Information lawyer claims email from HIV clinic revealing names of patients, could breach the data protection and the human rights act, as well as their duty of confidence owed to its patients

A leading human rights lawyer has said that the actions of a leading UK HIV clinic in mistakenly revealing the identities of hundreds of people who had attended HIV clinics at Dean Street, part of the Chelsea and Westminster Hospital NHS Foundation Trust, could result in hundreds of claims against the Trust.

Sean Humber, head of the human rights team at law firm Leigh Day, said that the actions of the clinic is likely to be a breach of the duty of confidence that the clinic owes to its patients in relation to the medical information it holds for them, a breach of data protection in relation to its obligations to hold the information securely and a breach of the patients’ human rights in relation to respect for their private life.

Mr Humber, who has acted in a succession of claims for patients relating to the unauthorised disclosure of confidential medical information over the last 20 years, says that the insurers covering the clinic could now be forced to pay out many thousands of pounds in compensation to those named in the email.

The 56 Dean Street clinic in London's Soho sent a newsletter with around 780 patients named in the ‘To’ section of the email, rather than anonymously in the ‘BCC’ address bar, so instead of hiding the personal details of those on its recipient list, it included their full names and email addresses.

A spokesman for the clinic said the mistake on Tuesday was caused by "human error" and an internal investigation had been launched.

In an email apology, Alan McOwan, Chelsea and Westminster Hospital trust's director for sexual health, said: "I'm writing to apologise to you.
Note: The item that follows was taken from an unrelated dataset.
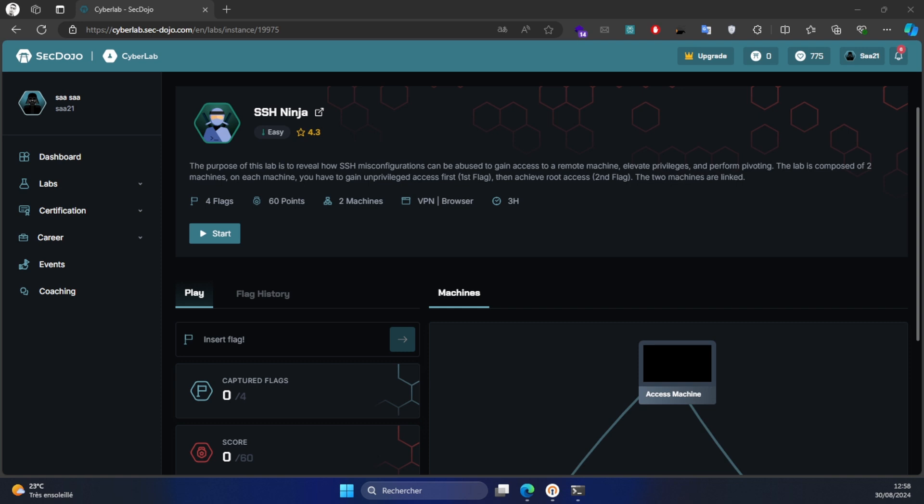Hello everyone and welcome to this walkthrough of SSH Ninja. My name is Sad and today I will be guiding you through the first part of this lab, where we will focus on enumeration and privilege escalation techniques to gain root access. In the second part, my friend Josh Tech will cover the remaining challenges. So without further ado, let's get started.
This morning at around 11.30am we sent you the latest edition of OptionE newsletter. "This is normally sent to individuals on an individual basis but unfortunately we sent out today's email to a group of email addresses. We apologise for this error.

"We recalled/deleted the email as soon as we realised what had happened. If it is still in your inbox please delete it immediately.

"Clearly this is completely unacceptable. We are urgently investigating how this has happened and I promise you that we will take steps to ensure it never happens again. We will send you the outcome of the investigation.”

Editor of Online magazine beyondpositive, Tom Hayes, which is for people living with or affected by HIV, said it had been contacted by patients affected by the breach. He said the people on the email list are HIV positive adding:

"The breach lets 780 people know that the other people on the email list are living with HIV. This is a huge breach of confidentiality.”

Sean Humber from the human rights team at Leigh Day said: “This extremely unfortunate disclosure of sensitive medical information is clearly unlawful – being a breach of the duty of confidence owed by the clinic to each of its patients, almost certainly a breach of the Data Protection Act by the clinic and would also seem to represent a breach of the patients’ human rights.

“The number one priority must now be for the clinic to take all steps possible to limit the wider disclosure of this information. However, sadly, to the extent the information has already been disclosed, patients are likely to be entitled to substantial compensation for distress and losses caused.”